Credit costs, liquidity controls seen hurting growth in profits

Credit costs, liquidity controls seen hurting growth in profits

Mumbai: Rising credit costs and tighter controls aimed at tightening liquidity in an economy trying to fight inflation will slow down corporate earnings growth in India, a leading economist in the region said, predicting a slowdown in earnings expansion to about 10% in the fourth quarter of fiscal 2008 down from the 15% to 17% rise in profits in earlier quarters this financial year.

The political risks in India—rising from the Congress-led Union government’s differences with its communist allies over a nuclear deal that New Delhi is pushing for with the US—could negatively impact the country’s equity markets and its currency, said Adrian Mowat, chief Asian & emerging markets strategist, JPMorgan Securities (Asia Pacific).

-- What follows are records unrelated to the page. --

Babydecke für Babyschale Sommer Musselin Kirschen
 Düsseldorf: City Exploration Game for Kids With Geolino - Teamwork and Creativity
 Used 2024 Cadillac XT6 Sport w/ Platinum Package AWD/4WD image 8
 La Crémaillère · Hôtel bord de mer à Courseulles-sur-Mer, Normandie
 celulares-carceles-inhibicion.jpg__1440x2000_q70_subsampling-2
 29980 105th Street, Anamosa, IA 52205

The outlook was weakened with the risk of a recession in the US, the world’s largest economy. There is “a 30% chance of recession in the US economy," the JPMorgan strategist said. This could, in turn, drag down equity markets across the globe.

“I expect the S&P (a key global equity index) to be trading much lower in the next few months." The Standard & Poor’s 500-stock index was trading at 1,471, up 0.4%, in early trades on Wednesday.

If the US market contracts, it is bound to have a ripple effect on other equity markets.

JPMorgan has revised down its US gross domestic product (GDP) growth estimate in the last quarter of calendar year 2007 from 2.5% to 2% while that of the first quarter of 2008, has been slashed from 3.5% to 2.5%.

Mowat identifies four major signs of stress—falling mortgage purchase applications, job contraction, softening house prices and easing consumer confidence—as an indication of a potential slowdown in the US.

The financial markets have fully priced in a 0.25% cut in interest rate by the Federal Reserve later this month and a 0.5% cut by the end of this year. This has downside risk if the Fed does not cut rates or issues a hawkish statement, Mowat said..

Still, Mowat noted, Asia’s direct economic exposure to the US has decreased over the past five years and Chinese stocks are predominantly domestic demand oriented.

“There will be a spillover effect from Chinese equity markets to other key markets in Asia," he said. But, “if confidence in global markets weaken, it will affect the Indian rupee and could lead to a sharp correction in its value."

“The IT (information technology) sector in India, which derives most of its revenue from US companies could be affected by this potential slowdown in the US economy. US companies will take a wait and watch mode before spending on IT, to study the situation deeper," Mowat said.

Investment bank Morgan Stanley’s benchmark MSCI—short for Morgan Stanley Composite Index—for India has underperformed key emerging markets and global market indices in the past one month, the head of JPMorgan’s head of equity research Bharat Iyer wrote in a report on 7 September.